**TASK REQUIREMENTS:** Print the whole listing below exactly as given, pictures excluded.
───── DATASET EXTRACT
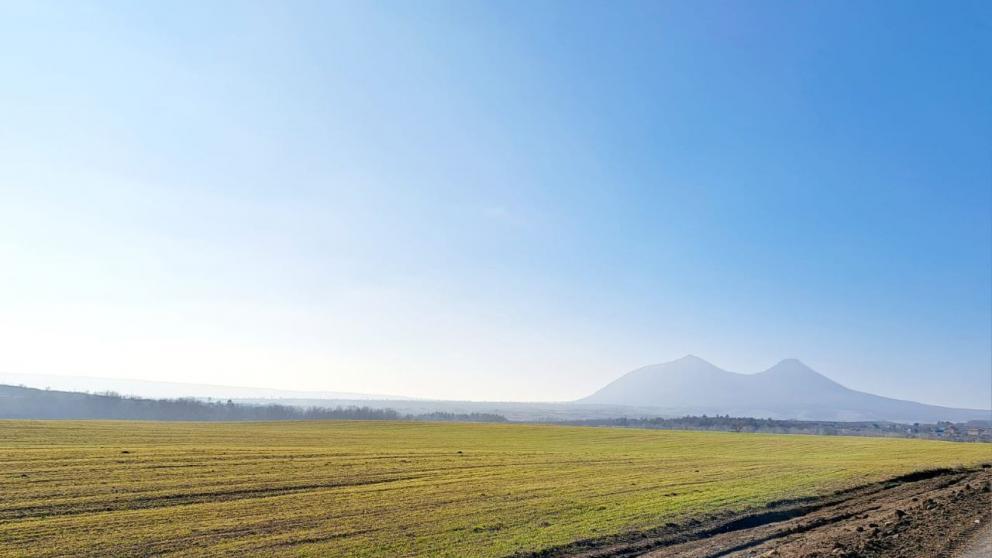В Минераловодском округе почти 100 процентов озимых находятся в хорошем состоянии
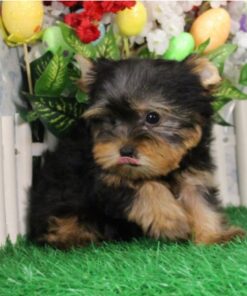 🐾 Benita – Yorkshire Terrier Hembra de 8 Semanas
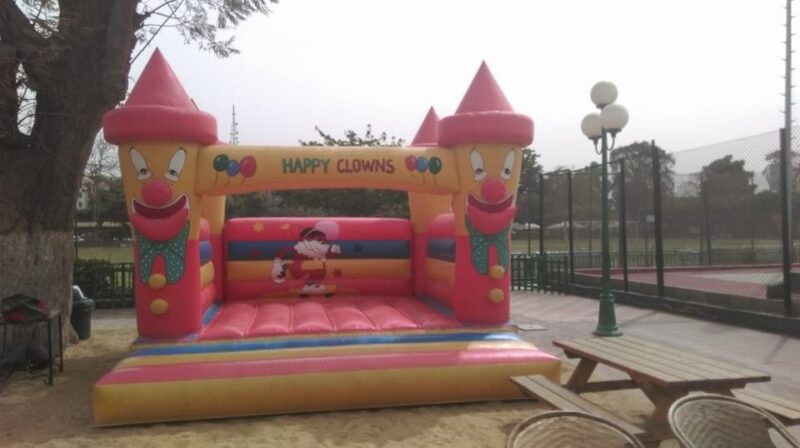 Mini Clown - Image 4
──────────
**RESULT FOR THIS TASK:**
В Минераловодском округе почти 100 процентов озимых находятся в хорошем состоянии
 🐾 Benita – Yorkshire Terrier Hembra de 8 Semanas
 Mini Clown - Image 4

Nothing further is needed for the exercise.